Sobald wir Einsichten in die Buchstaben-Laut-Beziehungen gewonnen haben, setzen wir die Laute zu Wörtern zusammen. Unser mentales Lexikon hilft uns die Lautkombinationen mit Wörtern zu assoziieren, die wir bereits kennen.
Beim Lesen von Sätzen und Texten geht es nicht nur um die Bedeutung einzelner Wörter, sondern auch um das Verständnis der Beziehungen zwischen den Wörtern. Wir analysieren die Grammatik, die Syntax und den Kontext, um die Bedeutung von Sätzen zu erfassen und den
Zusammenhang zwischen den Informationen herzustellen. Dabei spielt unser Weltwissen eine wichtige Rolle, denn es steuert das Leseverständnis mit.
Wir machen beim Lesen oft (unbewusst) Schlussfolgerungen und Vorhersagen (Inferenzen) über den Text. Wir nutzen unser Weltwissen, um fehlende Informationen zu ergänzen und die Absichten des Autors zu verstehen.

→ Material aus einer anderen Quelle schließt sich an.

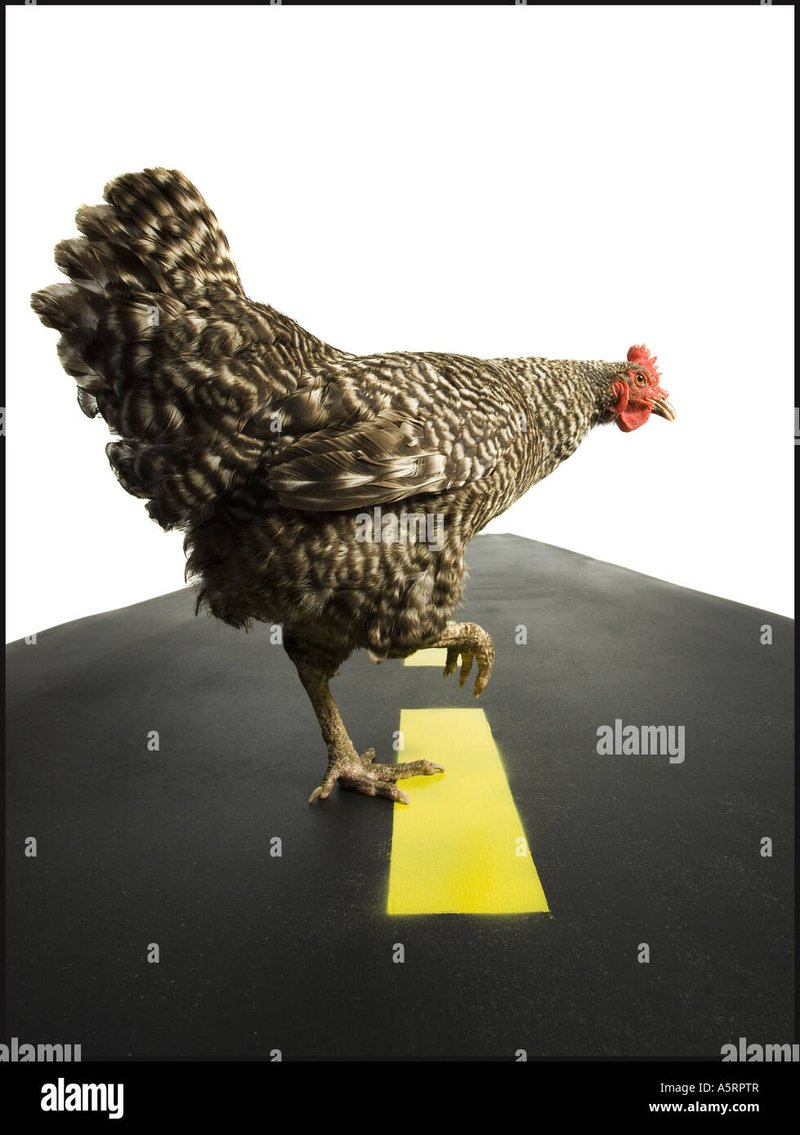Image: Speel met de Chicken Road Gokspel Casino Online in Nederland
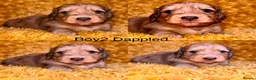 Miniature Dachshund dogs for sale: LH cream dachshund puppies ready   - Advert 5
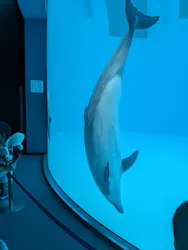 名古屋港水族館に投稿された画像(2026/8/2)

Das Lesen ist also eine komplexe kognitive Tätigkeit, die die Zusammenarbeit verschiedener kognitiver Prozesse erfordert, wie zum Beispiel die visuelle Wahrnehmung, das Erkennen von Buchstaben-Laut-Beziehungen, das Satzverständnis und das Zwischen-den-Zeilen-Lesen. Durch diese Prozesse können wir Buchstaben und Wörter in Bedeutung umwandeln und den Inhalt von Texten verstehen.
Quelle:
Dehaene, S. (2012): Lesen. Die größte Erfindung der Menschheit und was dabei in unseren Köpfen passiert. München: btb.